2)Indeed myself and my partner are working on this prohect that you have indicated below and these efforts are towards that.We are graduate students of computer science in Indiana university.

3)As part of our project, we do intend to crawl the URLs in the robots.txt but we do not save the file but rather just get the size.It would be a one-time crawl basically until we get a complete set of data for 2 levels of the web.

4)We have dynamic IP addresses and hence cannot specify a particular IP address.However you could contact me at sajay@indiana.edu if there are any other specific queries that you wish to ask.

Apologise for the inconvinience.

Smitha

jdMorgan

5:18 am on Mar 14, 2006 (gmt 0)

WebmasterWorld Senior Member 10+ Year Member



Sounds like a good way to ruin your project if I understand what you're planning -- Here's what happens:

  • Your robot fetches robots.txt.
  • It then violates the Standard for Robot Exclusion by fetching files specifically disallowed in robots.txt (N.B.: The Standard says nothing of whether you store the results; It is a violation to fetch Disallowed files.)
  • On my sites, and those belonging to clients, this triggers an immediate and automatic block by IP address, and under certain circumstances, by User-agent.
  • So all the content you fetch from my sites reads something like, "403-Forbidden - Access denied.
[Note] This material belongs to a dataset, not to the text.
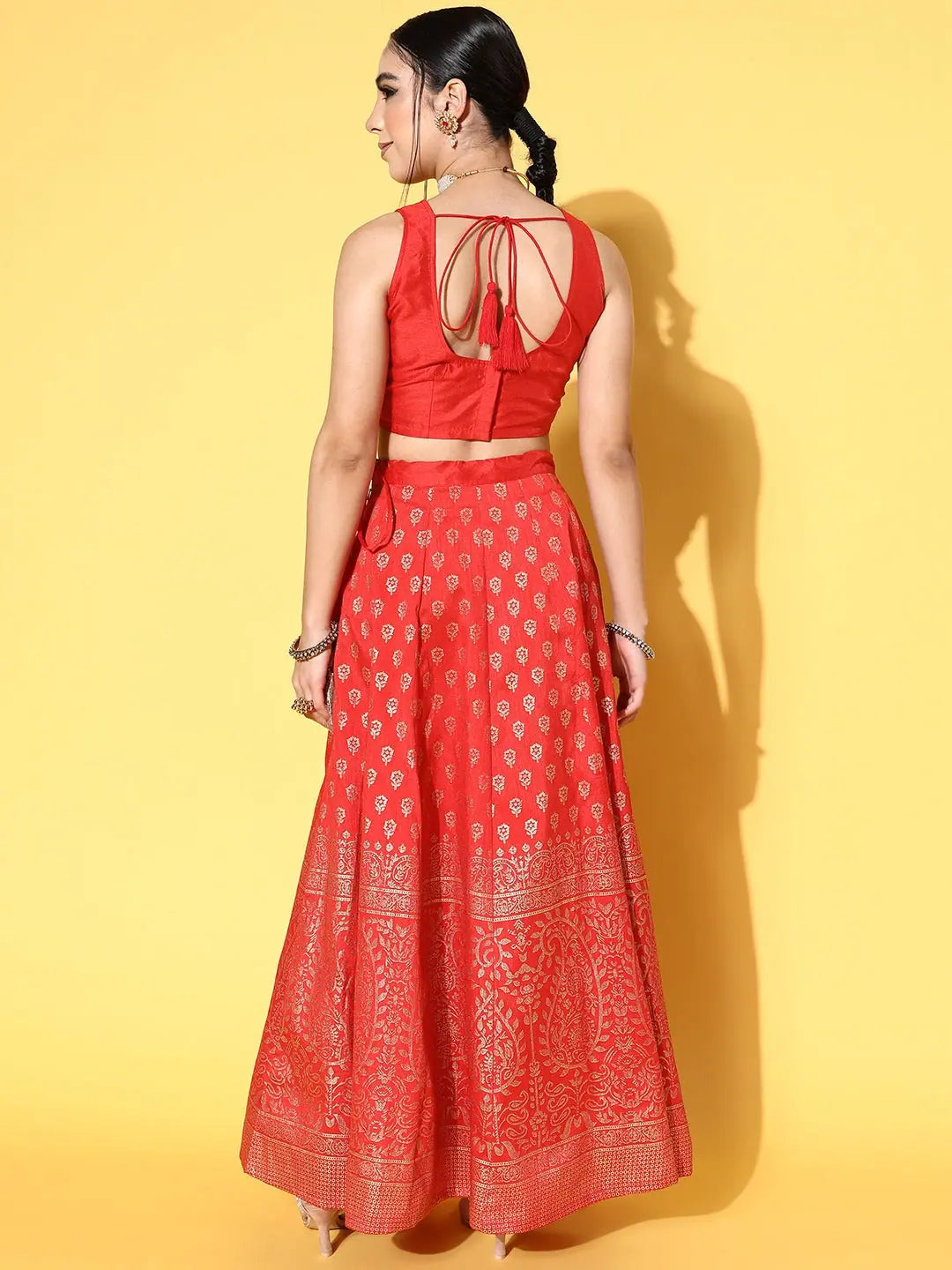 Red Paisley Lehenga Choli - Women's Party Wear Lehenga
Click here for more information."
  • Checking my site reports, I then log into WebmasterWorld and report your robot to others here. Those who run scripts similar to mine post in response, confirming the aberrant behaviour of your robot.
  • Others who don't run access-control scripts see the posts, and simply add the info we report to their manual block lists.
  • The word spreads on other Webmaster forums, Web security sites, blogs, and internet block list sites.
  • Your robot is toast, or at least the results become badly-skewed over time... Hours and days, not weeks.
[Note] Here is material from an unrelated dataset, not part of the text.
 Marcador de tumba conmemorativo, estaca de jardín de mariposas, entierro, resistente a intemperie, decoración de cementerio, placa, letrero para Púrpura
    Note that for most sites, except possibly the ones belonging to the ten pizza shops closest to Indiana U., it's no problem for most of us to block the University's entire IP range. And intensive traffic such as your project would generate would be most unwelcome at most proxy servers, so that's not a good work-around...
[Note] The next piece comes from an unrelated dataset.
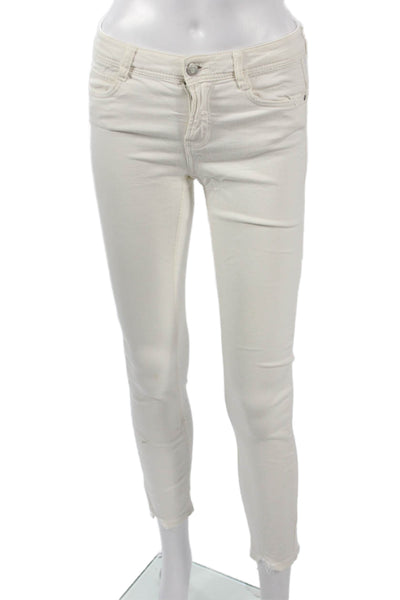 Zara Trafaluc Womens Ankle Skinny Jeans White Low Rise Button Cotton Size 4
    Nothing personal, but you just flat don't violate robots.txt for any reason, "research" notwithstanding -- any more than you might shoot all your neighbors' dogs "for research" -- Tell it to the judge.

    So, I don't know what statistical effect all these 403 responses will have on your data, but if you won't follow the Standard, don't expect people to tolerate your robot.

    As to changing the IP address and/or User-agent name, that makes it a little more difficult to block your robot, but far from impossible. Bots can be blocked behaviourally, as well as by these simple methods. And several of the scripts to do this are posted on this site.

    I suggest you discuss this approach with your professor -- Or maybe I will. Have done several times with other ill-advised "uni projects."

    You may also wish to consider the legal ramifications of this plan. Make sure you stay far away from .gov and .mil sites, and corporate sites backed by large legal departments.

    As Webmasters, we welcome you as part of the community. But don't break the laws of the community if you wish to remain welcome in it.

    Google did a robots.txt validation project of this type several years ago. Their results may still be available if you ask nicely. You might even get some implementation advice or code from them.